The dispensing interface 32 may include one or more ends that protrude through side portions of the gasket assembly 8, such that the one or more ends of the dispensing interface 32 may be exposed to an interior of the reservoir 23 when the adaptor 90 is coupled to the pre- vapor formulation tank 22. The one or more ends of the dispensing interface 32 may be submerged in a pre-vapor formulation held within the reservoir 23. In the example embodiments illustrated in FIG. 1 B, for example, the adaptor 90 includes a dispensing interface 32 that is coupled to the nose portion 30 of the gasket assembly 8 such that a central portion ("trunk") of the dispensing interface 32 extends through the channel 14 and end portions ("roots") of the dispensing interface 32 extend from separate exterior surfaces of the nose portion 30. As shown in FIG. 1 B, the end portions of the dispensing interface 32 are positioned within the reservoir 23 when the adaptor 90 and pre-vapor formulation tank 22 are coupled together, such that the dispensing interface 32 is configured to draw pre-vapor formulation from the reservoir 23.

The heating element 34 is coupled to the dispensing interface 32 and is configured to generate heat. As shown in the example embodiment illustrated in FIG. 1 B, the heating element 34 may extend transversely across the channel 14 between opposing portions of the gasket assembly 8. In some example embodiments, the heating element 34 may extend parallel to a longitudinal axis of the channel 14.
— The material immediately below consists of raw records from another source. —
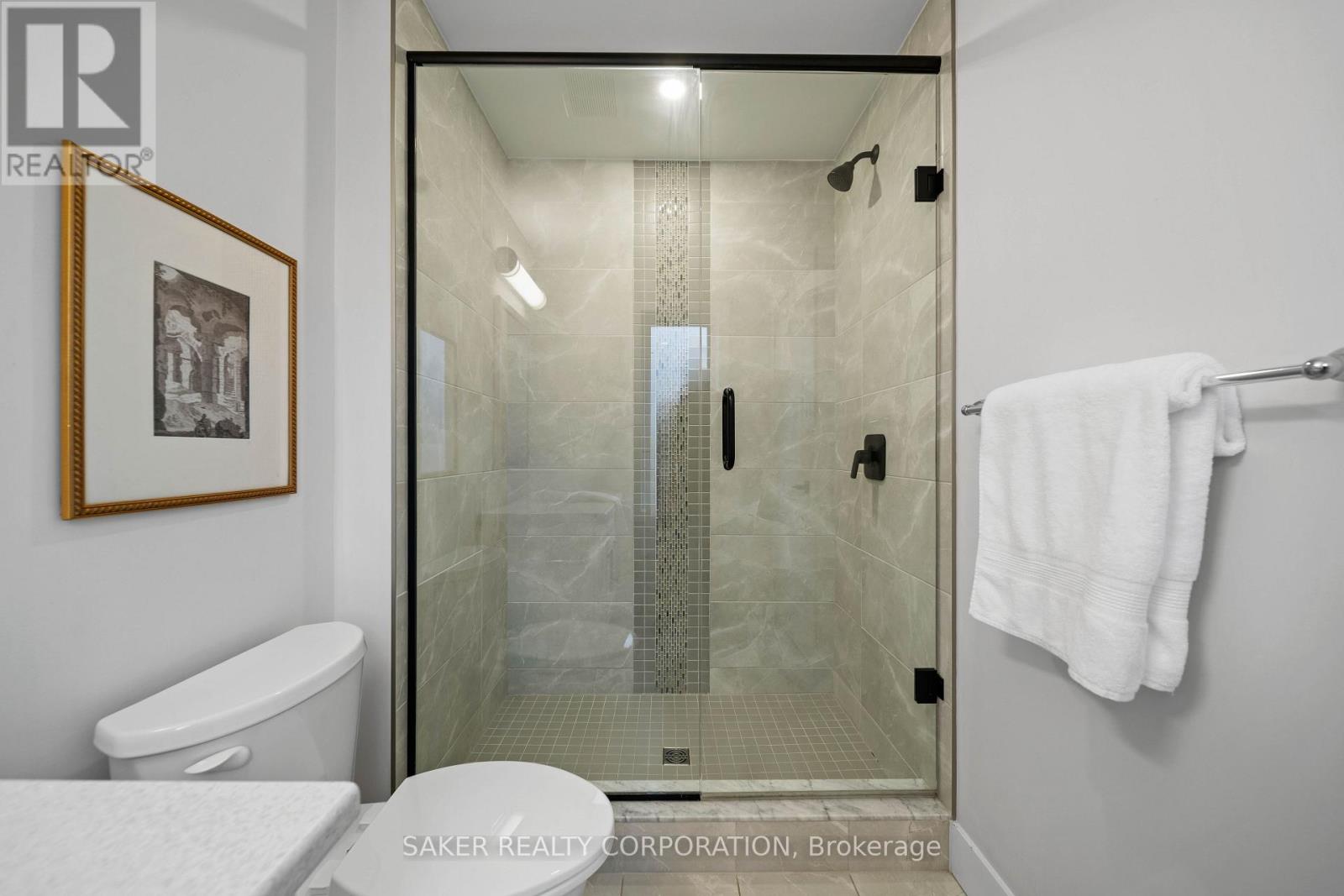 939 Deveron Crescent Property Photo 19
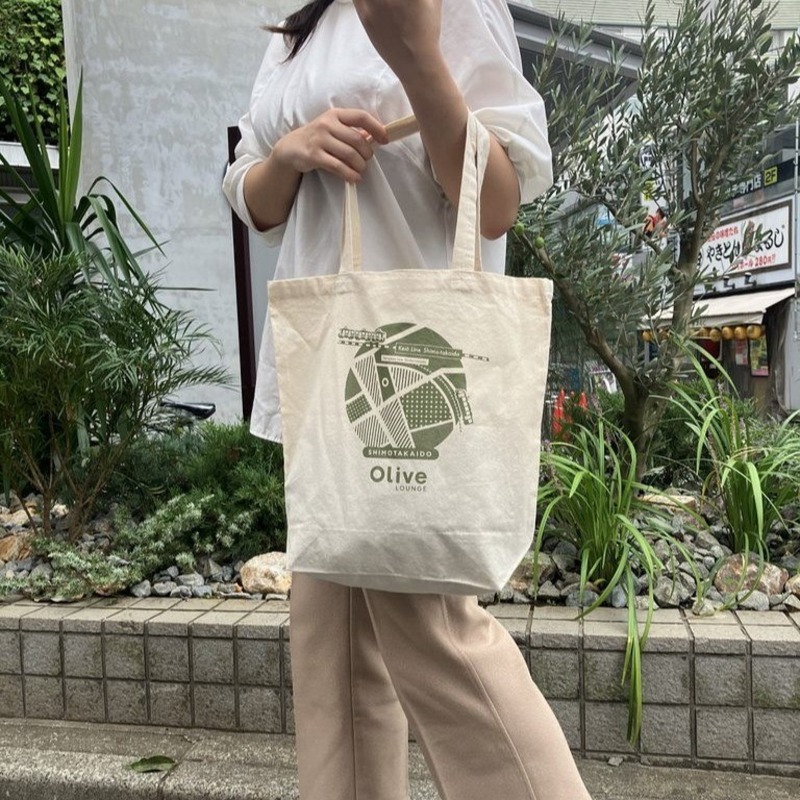 smbc_midosuke's tweet photo. ミドすけだよ！

#OliveLOUNGE下高井戸 のオープンを記念して、店頭でオリジナルトートバックを配るんだって！

オープン日の10/7から数量限定みたいだから、ぜひ行ってみてね。

ボクもこのトートバックを持って、下高井戸をお散歩したいな♪

#Olive #OliveLOUNGE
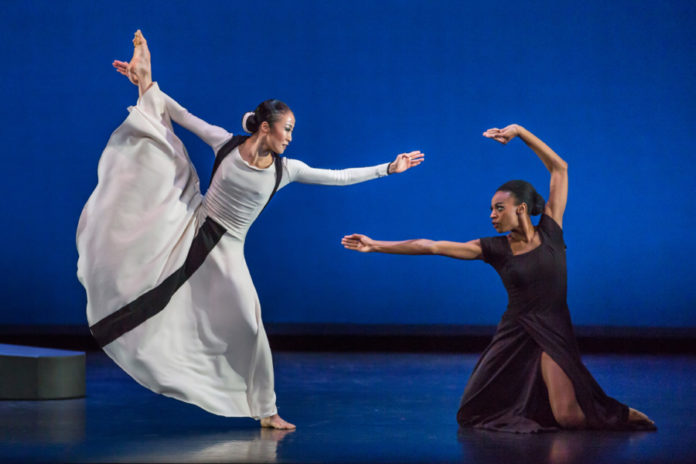 Martha Graham Dance - Chronicle 001 by Brigid Pierce1140x760 Actors performing on stage.
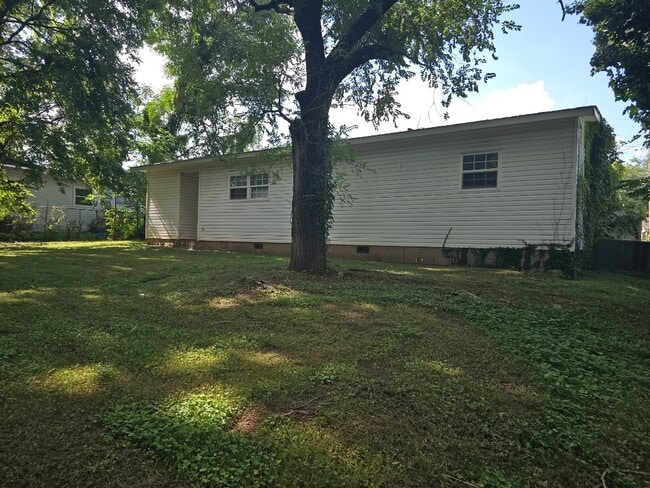 Building Photo - 2407 Medaris Rd NW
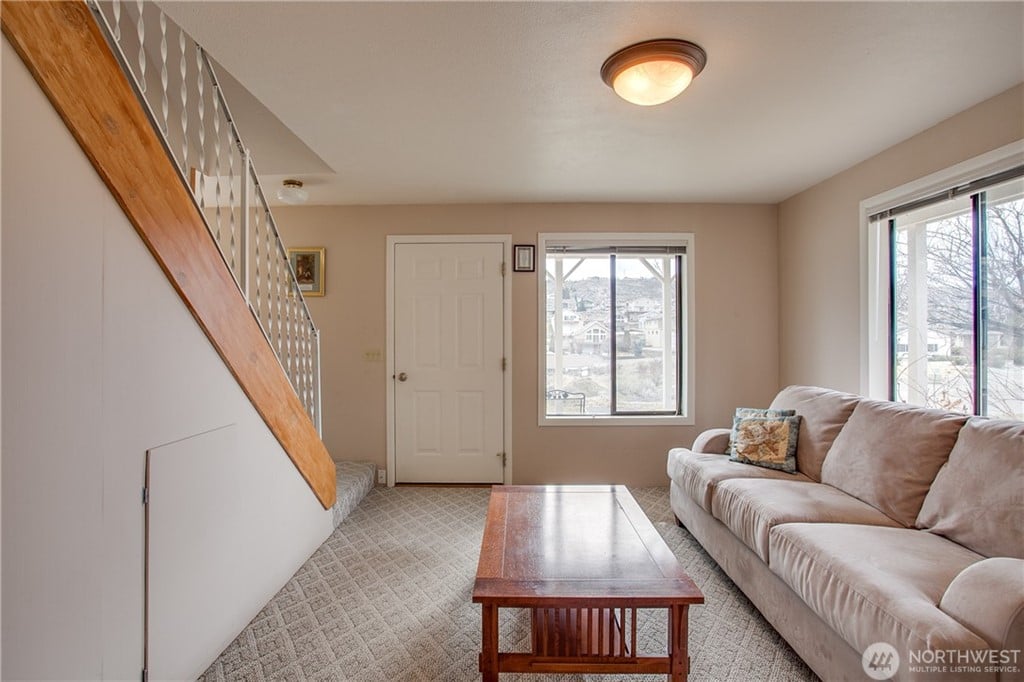 261 Lakeview Pl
The dispensing interface 32 is configured to draw pre-vapor formulation from the reservoir 23, such that the pre-vapor formulation may be vaporized from the dispensing interface 32 based on heating of the dispensing interface 32 by the heating element 34.

During vaping, pre-vapor formulation may be transferred from at least one of the reservoir 23 and the storage medium in the proximity of the heating element 34 via capillary action of a dispensing interface 32. The heating element 34 may at least partially surround a central portion ("trunk") of the dispensing interface 32 such that when the heating element 34 is activated to generate heat, the pre-vapor formulation in the central portion of the dispensing interface 32 may be vaporized by the heating element 34 to form a vapor 95.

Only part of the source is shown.